## Dataset
We will be using a banking marketing dataset. 
The dataset is associated with direct marketing campaigns of a banking institution. We want to find out the best strategies to improve the next marketing campaign. How can the bank have a greater effectiveness for future marketing campaigns?
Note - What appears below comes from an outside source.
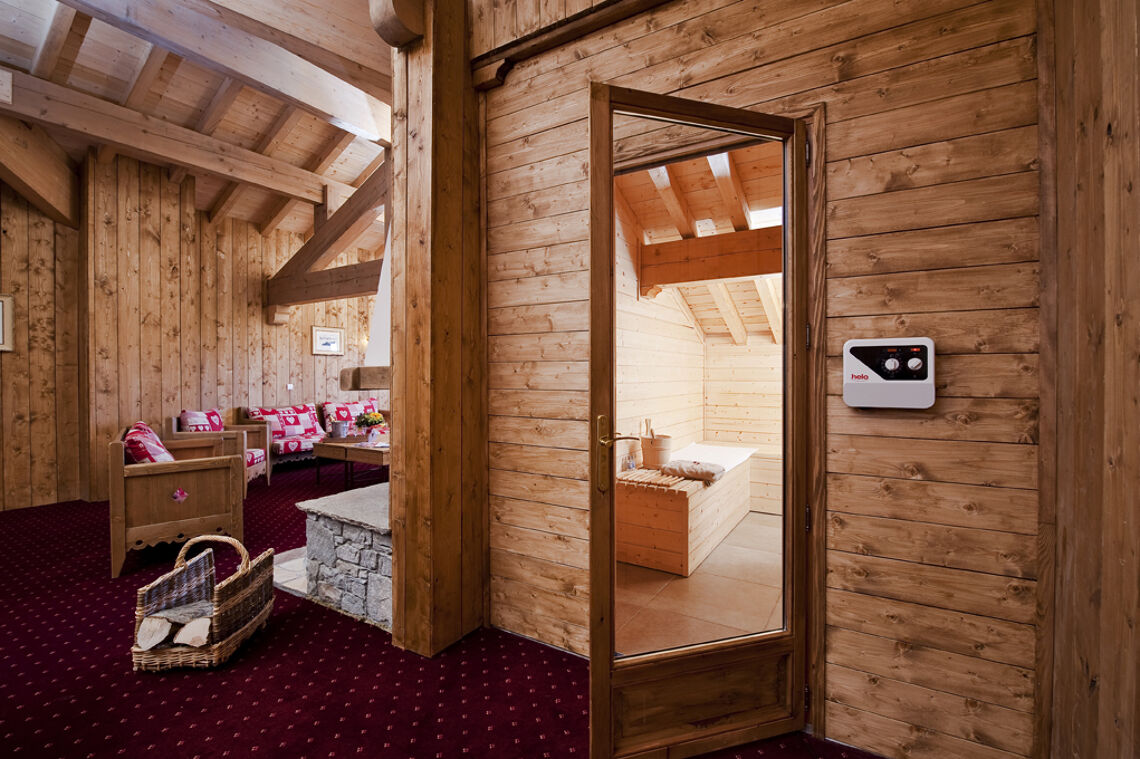 Apartment area in Chalet Le Refuge La Rosière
In order to answer this, we have to analyze the last marketing campaign the bank performed and identify the patterns that will help us find conclusions in order to develop future strategies.

We have to predict whether a customer subscribes for term deposit or not using the following attributes: 
1 - age (numeric)<br>
2 - job : type of job (categorical: 'admin.','blue-collar','entrepreneur','housemaid','management','retired','self-employed','services','student','technician','unemployed','unknown')<br>
3 - marital : marital status (categorical: 'divorced','married','single','unknown'; note: 'divorced' means divorced or widowed)<br>
4 - education (categorical: 'basic.4y','basic.6y','basic.9y','high.school','illiterate','professional.course','university.degree','unknown')<br>
5 - default: has credit in default? (categorical: 'no','yes','unknown')<br>
6 - balance: balance amount (numeric)<br>
7 - housing: has housing loan? (categorical: 'no','yes','unknown')<br>
8 - loan: has personal loan? (categorical: 'no','yes','unknown')<br>
8 - contact: contact communication type (categorical: 'cellular','telephone')<br>
9 - month: last contact month of year (categorical: 'jan', 'feb', 'mar', ..., 'nov', 'dec')<br>
10 - day_of_week: last contact day of the week (categorical: 'mon','tue','wed','thu','fri')<br>
12 - campaign: number of contacts performed during this campaign and for this client (numeric, includes last contact)<br>
13 - pdays: number of days that passed by after the client was last contacted from a previous campaign (numeric; 999 means client was not previously contacted)<br>
14 - previous: number of contacts performed before this campaign and for this client (numeric)<br>
15 - poutcome: outcome of the previous marketing campaign (categorical: 'failure','nonexistent','success')<br>

features_ex2.xlsx contains the features. It has 4521 records. First 3165 observations are used for training dataset, next 678 observations are used for cross validation dataset and final 678 observations are used for test dataset.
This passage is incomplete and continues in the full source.